Today in US politics, progress is motion in the direction we've been going in, is it not?  So before we can figure out whether we want to be progressive, don't we need to determine whether we like the direction we're going in?

Mostly, I don't like the direction we're going in.  In fact, I think we're progressing toward calamity in many ways - social disintegration, the sort of environmental collapse that has wrecked plenty of civilizations before ours, and increasing acceptance of brutality and injustice as Paul in 2 Timothy 3 said to expect especially in "Christian" churches.  We see that now, just as he expected, especially in "Christian" churches; "Christians" are most inclined to approve of torture, violent aggression against others, and the sort of bigotry against Muslims and others that led to the Nazi Judeocide - all arising out of the cowardice engendered by their conformity to the fears that the world teaches, and heartily adopted by them.

I don't like any of this progress, so I'm not a progressive.

Another of these wonderful Newspeak words is "Conservative," used with equal vehemence as insult or high praise - but, again, with no clear meaning.

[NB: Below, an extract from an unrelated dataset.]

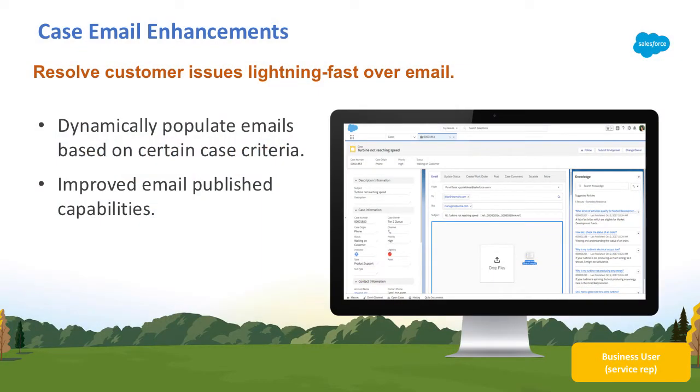With Summer18, we're delivering even more productivity for agents in the Lightning experience. With our latest case email enhancements, you can dynamically pre-populate emails based on certain case criteria.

Here the confusion seems to arise from there being at least a couple of valid ways to be conservative.  Conservative can mean being concerned to conserve good things that we're in danger of losing, being afraid to break good things inadvertently or recklessly.  As the letter to the church in Sardis in the Revelation puts it, "Strengthen the things that remain, that are about to die."  This impulse is seen in the desire to preserve the natural environment, constitutional civil liberties, and such like.

A closely related impulse was described by G. K. Chesterton as not wanting to knock down a wall before you know why someone put it up.  NASA engineers say accurately that change is bad.  Engineers, programmers, and other such people learn how easily we break things, how easily we get unintended consequences - and mostly bad ones.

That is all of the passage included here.